Exercise aim » Return exactly the lines from the one containing "GUANABANA THERMO 1LT" through the end of the material below, and leave the images out.

Top of Data provided

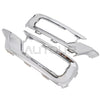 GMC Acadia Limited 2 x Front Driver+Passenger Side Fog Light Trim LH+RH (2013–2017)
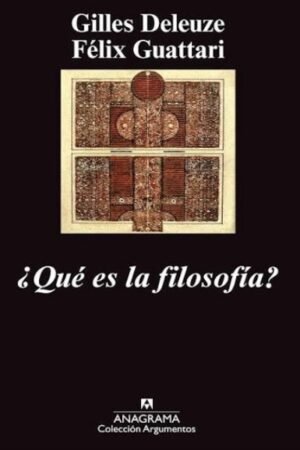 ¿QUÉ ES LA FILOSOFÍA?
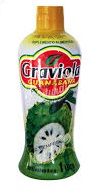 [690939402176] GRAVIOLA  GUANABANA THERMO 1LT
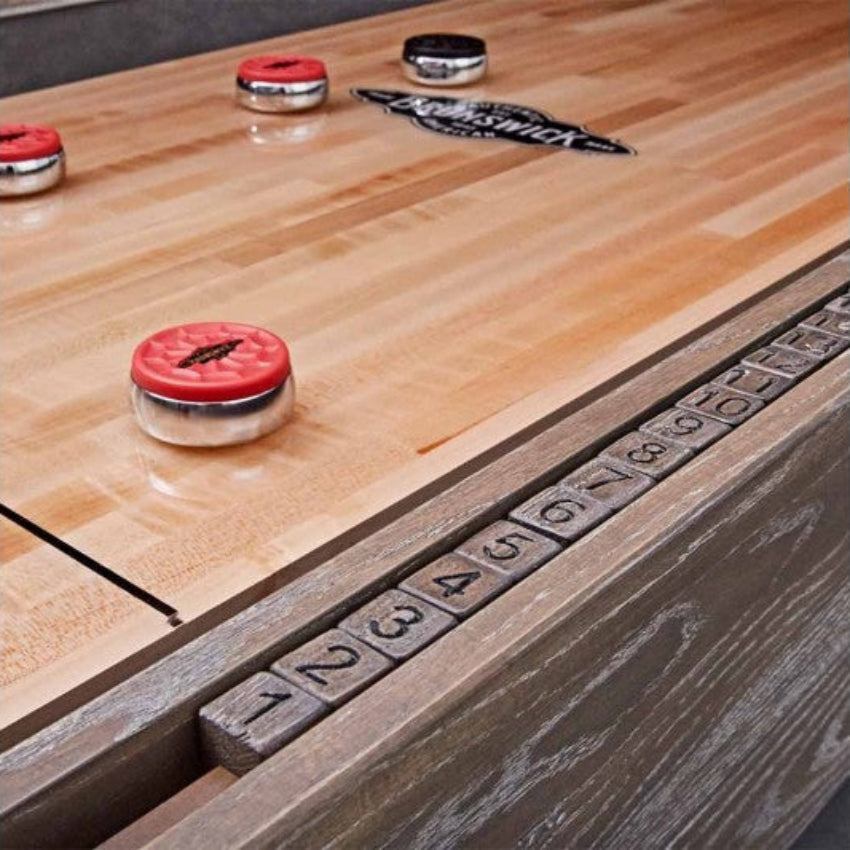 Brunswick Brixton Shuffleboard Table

Bottom of Data provided

Answer space »
 [690939402176] GRAVIOLA  GUANABANA THERMO 1LT
 Brunswick Brixton Shuffleboard Table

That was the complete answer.